FS: While there are many who are suited for, and content with, being donors, there are perhaps donors who would like to be patrons in the way you have talked about it. How would you advise someone interested in the art and craft of patronage?
RGA: The first thing I would do is ask them what they are interested in. What are the things that animate their thinking? What are the things in the world that concern them? What do they read about the most? What do they see? Then I would encourage them to study that more as well as encourage them to see who works in that area. What kind of work do they do? Is there something that isn’t being done that you now understand because you’ve thought and you’ve read and you’ve maybe travelled and you’ve talked to people in the field and you can see a gap or a need? That is the hard work you first have to do. Educate yourself and become competent in your particular interest. A good patron has skin in the game. You care about it, for whatever reason. I would say it is a calling.
FS: What are the risks of being a patron? There is a dark side, isn’t there?
RGA: You get too close.
FS: You have said that artists describe the relationship as often taking the course of a love affair, ranging from “deep gratitude” to “powerful resentment.” Their patrons became their friends. But their success depended on the strength and longevity of those relationships. The danger for the artist is to be locked into a particular style or work just to please the patron. What you seem to be describing is the relationship of co-creators. You are not mandating every detail, but you are not giving the artist free rein. It’s a delicate balance.

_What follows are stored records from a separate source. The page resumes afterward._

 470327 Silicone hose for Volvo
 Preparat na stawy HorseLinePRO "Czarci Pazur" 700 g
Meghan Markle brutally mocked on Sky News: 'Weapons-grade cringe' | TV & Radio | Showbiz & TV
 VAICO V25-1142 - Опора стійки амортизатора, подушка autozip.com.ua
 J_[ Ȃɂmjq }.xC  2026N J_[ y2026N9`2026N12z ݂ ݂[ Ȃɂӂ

RGA: The most common criticisms of the relationship are the arbitrary demands of the patron both on the time of the artist and on the kind of work the artist is asked to do. As well, if you get too close to a person and they become dependent on you, then you’ve got a problem. To prevent that you have to watch boundaries, but that’s true in all of life, I’ve found. An organization can think: if all else fails and push comes to shove, they’ll come to us. Well, we’ve got to say no because that is hindering them from doing the work they need to do to cultivate other donors. At this point they are looking for donors more than patrons. We were the patrons that got it started because we believed in it, but if it is going to be healthy they can’t just come to us when there’s a tough spot.

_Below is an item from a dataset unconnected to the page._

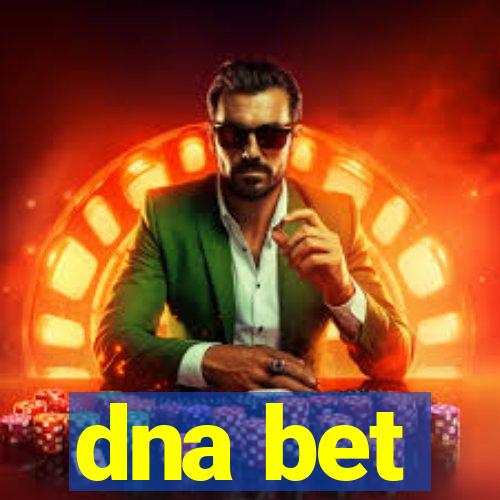 dna bet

FS: But it’s still worth the risk?
RGA: Yes, but for all its pitfalls, patronage of one kind or another is the reason most great works of art exist.
FS: What are the rewards of being a patron? What makes you say to yourself, “I would much rather be a patron than a donor”?
RGA: Well, there’s the joy of creation. There’s the joy of seeing something come to fruition that wouldn’t have happened. We are working now with Biola University on the chapel. It’s a new vision from the original and a genuine partnership. The new chapel is gorgeous. It’s going to honour God. It’s going to honour the creativity of human beings made in the image of God. It is going to be something to draw people to that campus just to see the chapel. It is going to inspire the students and give them a place of beauty to go to when they just need a time to sit and think and pray and do whatever. It’s going to change the campus because they have decided that beauty matters and God does beautiful stuff. This building is going to honour God, and it’s going to enhance the whole campus. God’s standard is pretty high, and our standard ought to be high.
FS: So, there is also the role of connecting people and ideas and not just seeing, protecting, or identifying?
RGA: Yes, that is wonderful to me. I love that, to see when all these pieces come together and something happens that’s bigger or better than even you imagined. I didn’t know what it would look like. I just knew it would be wonderful. And donors will want to be associated with the beauty and the glory. They want to be part of that and, again, that’s a wonderful thing. That means that those people are going to be different in how they give their money, and their entire world will become bigger.